◆ **PROBLEM TO WORK ON**
Since pictures are not wanted, repeat only the text of the records, word for word.

◆ **EXTRACTED DATA**
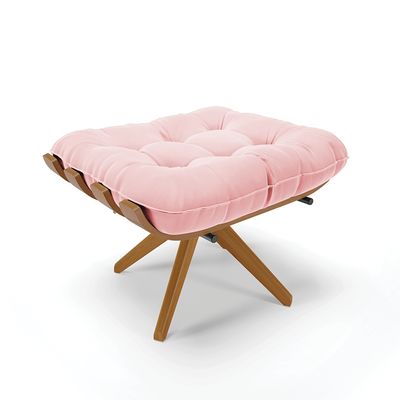 Poltrona com Puff Giratório Costela Suede Base de Madeira MA30 M11 - D'Rossi Rosa Bebê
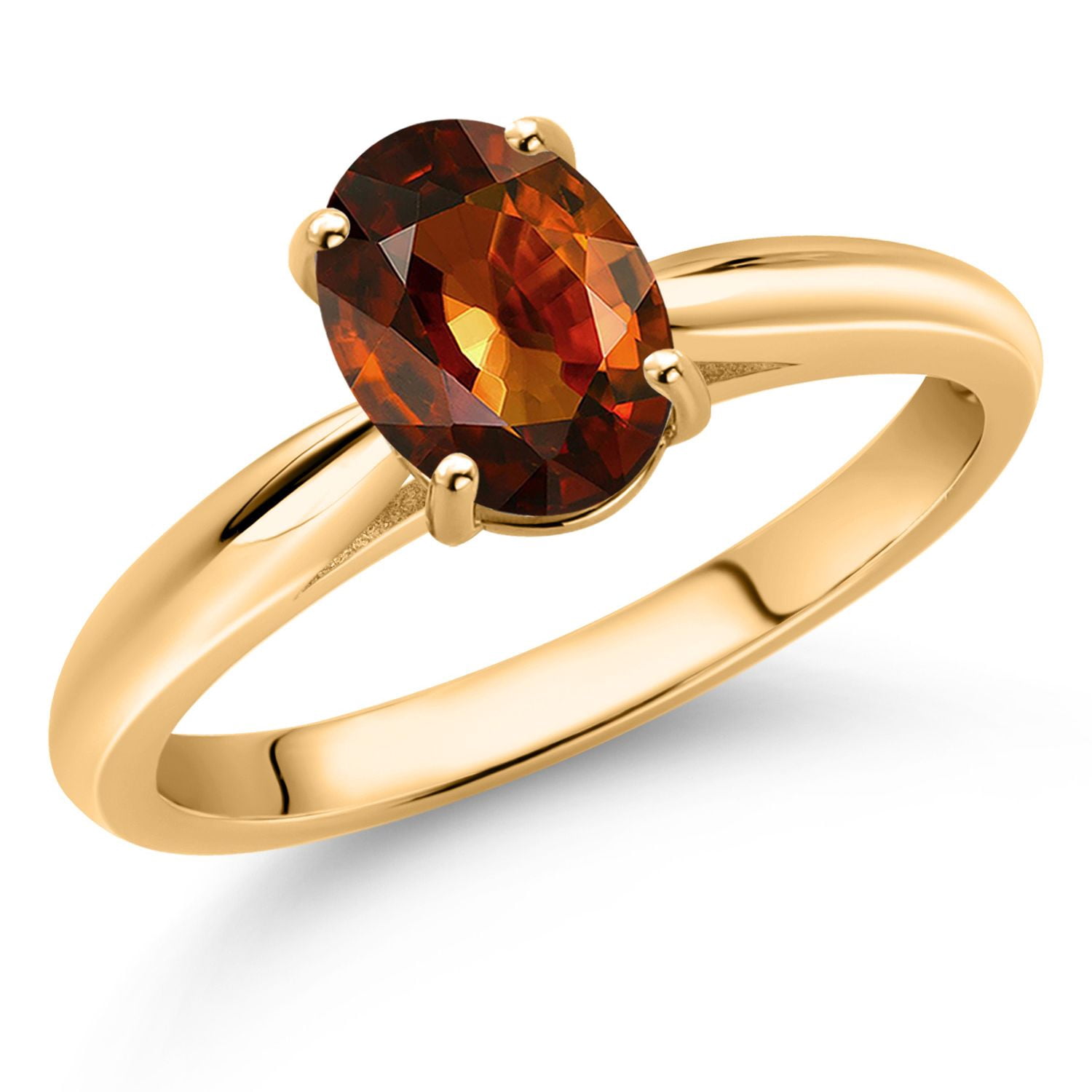 Gem Stone King 10K Yellow Gold Brown Zircon Solitaire Engagement Ring for Women (1.92 Cttw, Oval 8X6MM, Gemstone December Birthstone, Available in Size 5, 6, 7, 8, 9)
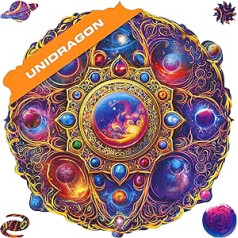 UNIDRAGON Original Wooden Puzzle Mandala Space Dreams Royal Size 17.7 x 17.7 in (45 x 45 cm) Puzzle for Adults and Children Brain Teaser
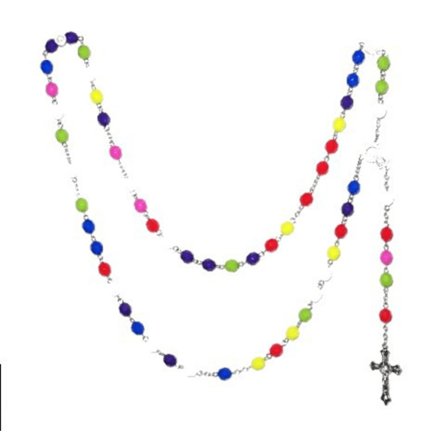 Rosary / Cross halskæde flerfarvede perler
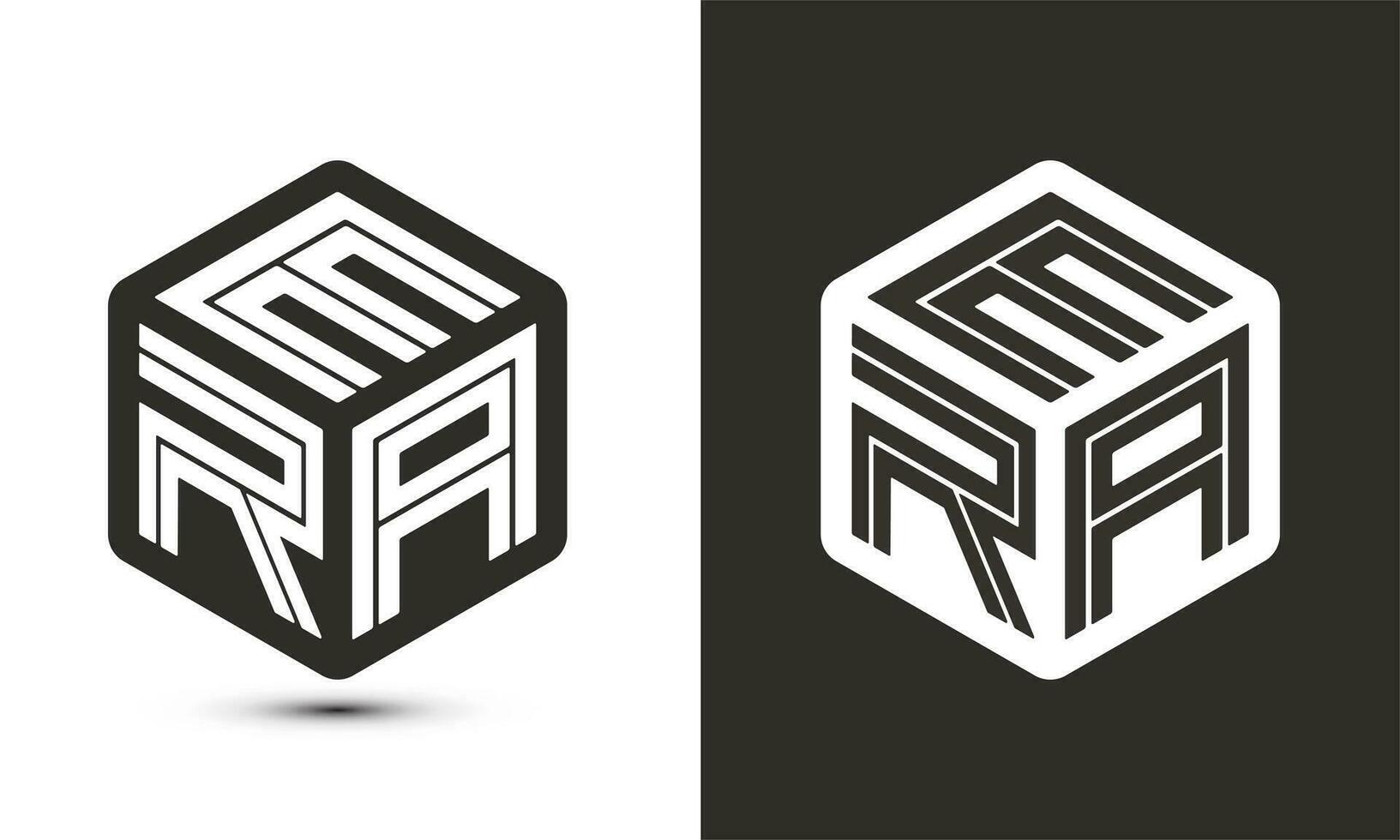 ERA letter logo design with illustrator cube logo, vector logo modern alphabet font overlap style.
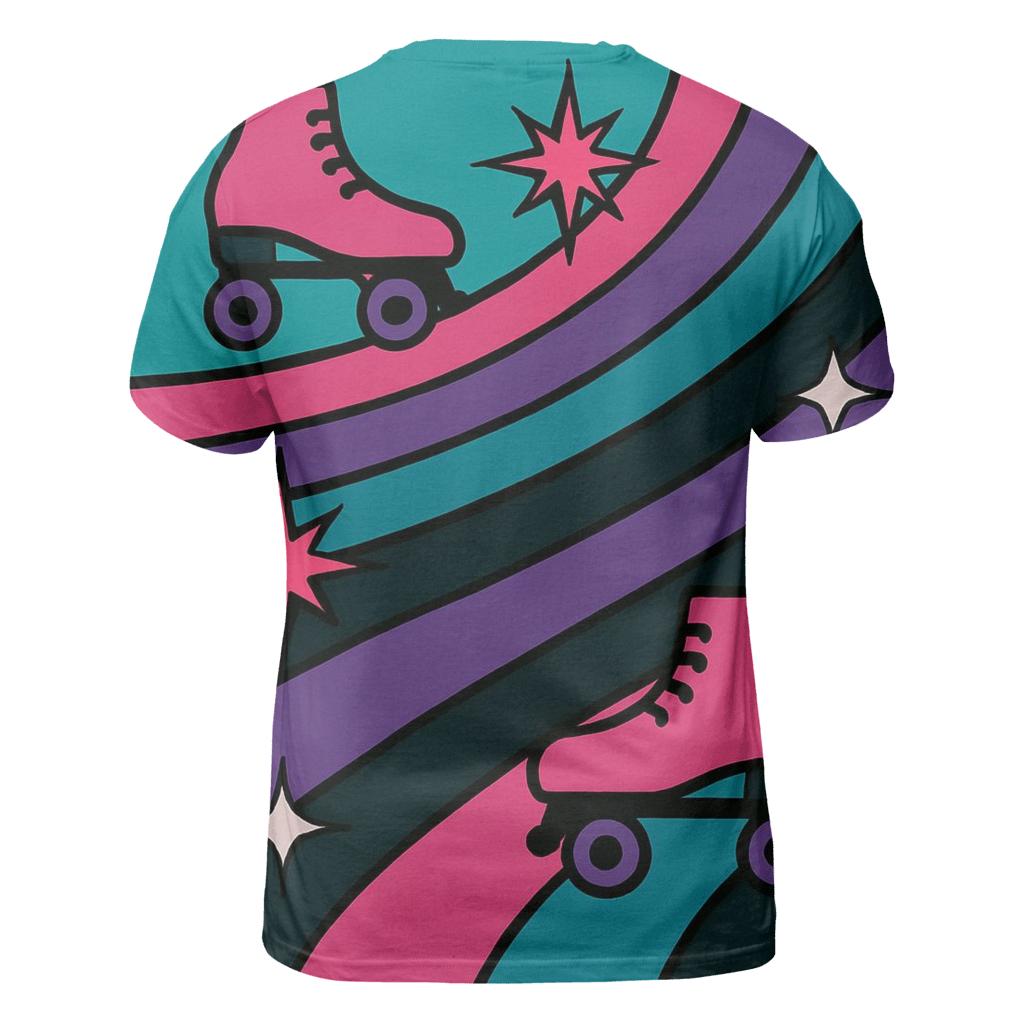 Roller Rink Neon Lanes statement graphic shirts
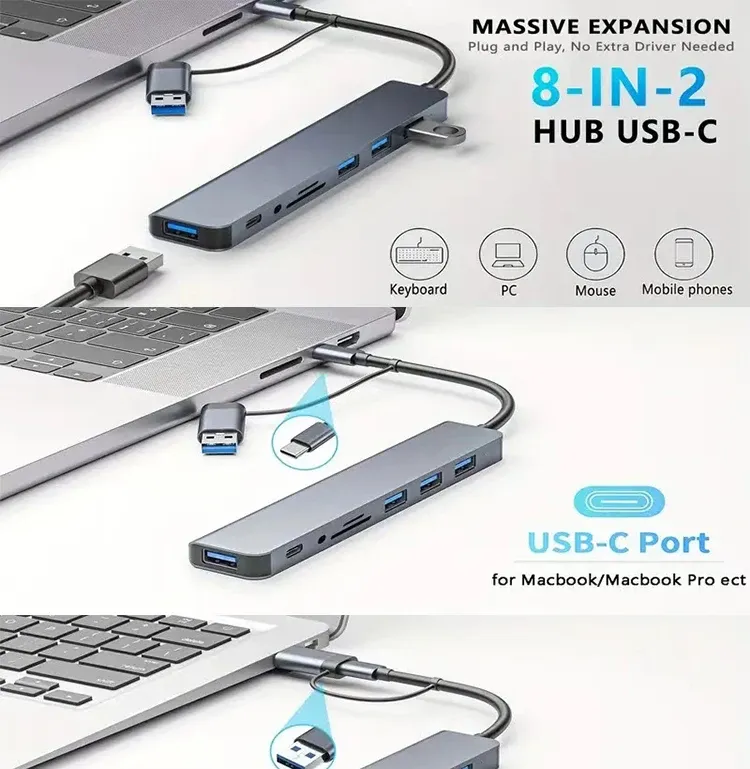 Hub USB-C 8 en 1 en situation d'utilisation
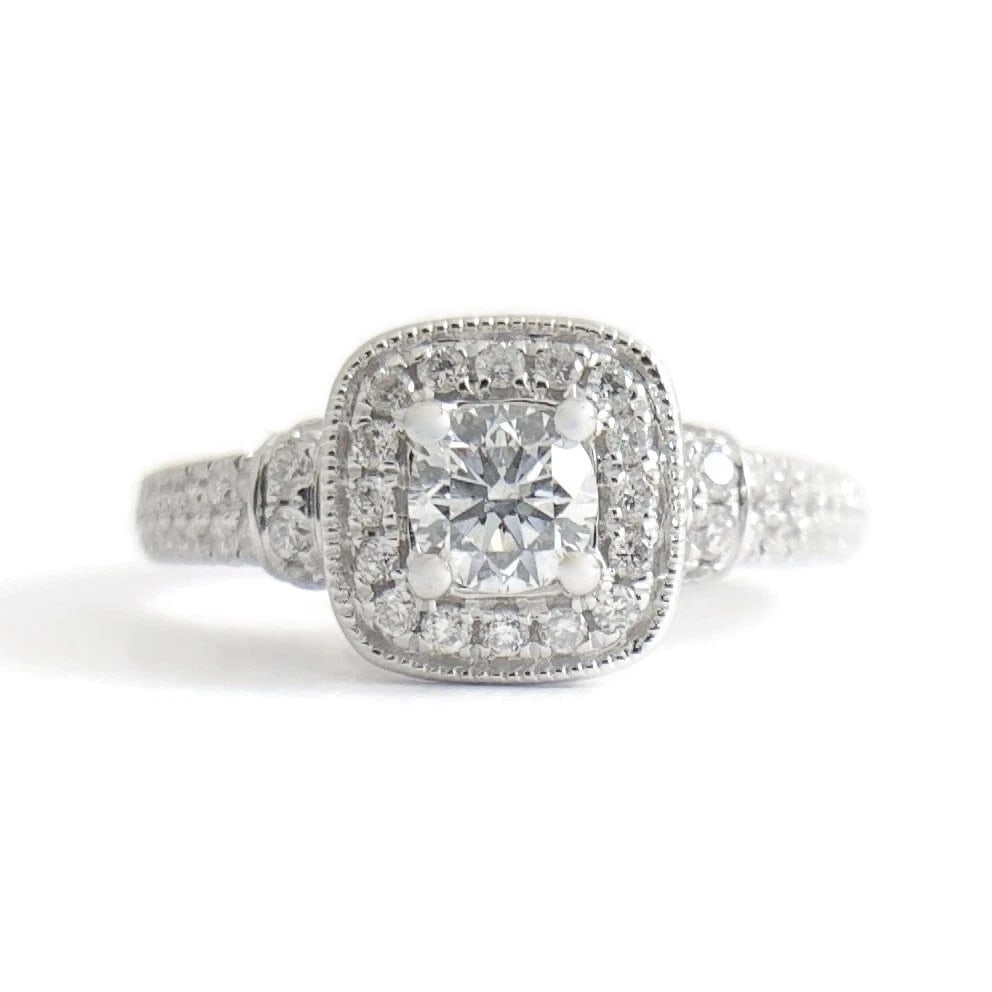 Vera Wang Round Diamond Cushion Halo Engagement Ring 14K White Gold, .83 CTW: Vera Wang Round Diamond Cushion Halo Engagement Ring 14K White Gold, .75 CTW This lovely diamond engagement ring is sure to make her smile! Don't hesitate to ask any questions! Brand: Vera Wang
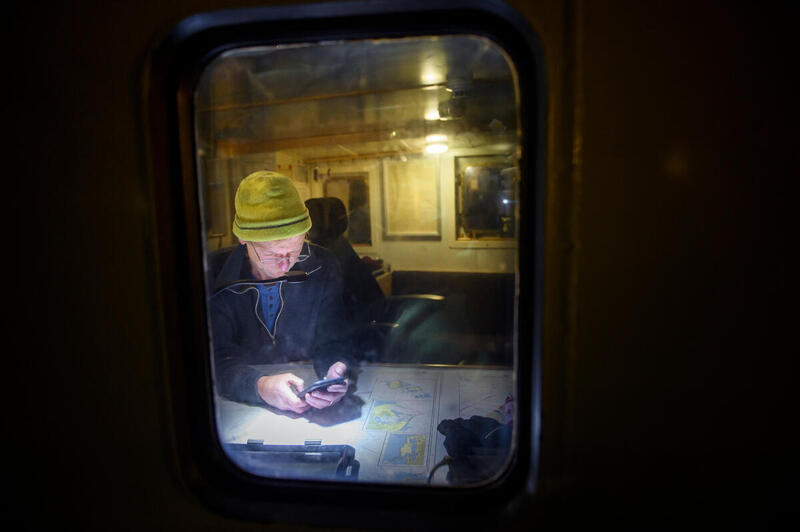 Greenpeace activists investigate the consequences of the severe explosions at the Nord Stream Pipelines 1 and 2 on 26 September 2022 and the methane gas leakage for flora and fauna in the Baltic Sea. The environmentalists examine the samples on board for possible residues of chemical warfare agents, and further on a laboratory analyses them for explosive residues. © Gregor Fischer / Greenpeace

◆ **SOLUTION FOR THIS EXERCISE**
 Poltrona com Puff Giratório Costela Suede Base de Madeira MA30 M11 - D'Rossi Rosa Bebê
 Gem Stone King 10K Yellow Gold Brown Zircon Solitaire Engagement Ring for Women (1.92 Cttw, Oval 8X6MM, Gemstone December Birthstone, Available in Size 5, 6, 7, 8, 9)
 UNIDRAGON Original Wooden Puzzle Mandala Space Dreams Royal Size 17.7 x 17.7 in (45 x 45 cm) Puzzle for Adults and Children Brain Teaser
 Rosary / Cross halskæde flerfarvede perler
 ERA letter logo design with illustrator cube logo, vector logo modern alphabet font overlap style.
 Roller Rink Neon Lanes statement graphic shirts
 Hub USB-C 8 en 1 en situation d'utilisation
 Vera Wang Round Diamond Cushion Halo Engagement Ring 14K White Gold, .83 CTW: Vera Wang Round Diamond Cushion Halo Engagement Ring 14K White Gold, .75 CTW This lovely diamond engagement ring is sure to make her smile! Don't hesitate to ask any questions! Brand: Vera Wang
 Greenpeace activists investigate the consequences of the severe explosions at the Nord Stream Pipelines 1 and 2 on 26 September 2022 and the methane gas leakage for flora and fauna in the Baltic Sea. The environmentalists examine the samples on board for possible residues of chemical warfare agents, and further on a laboratory analyses them for explosive residues. © Gregor Fischer / Greenpeace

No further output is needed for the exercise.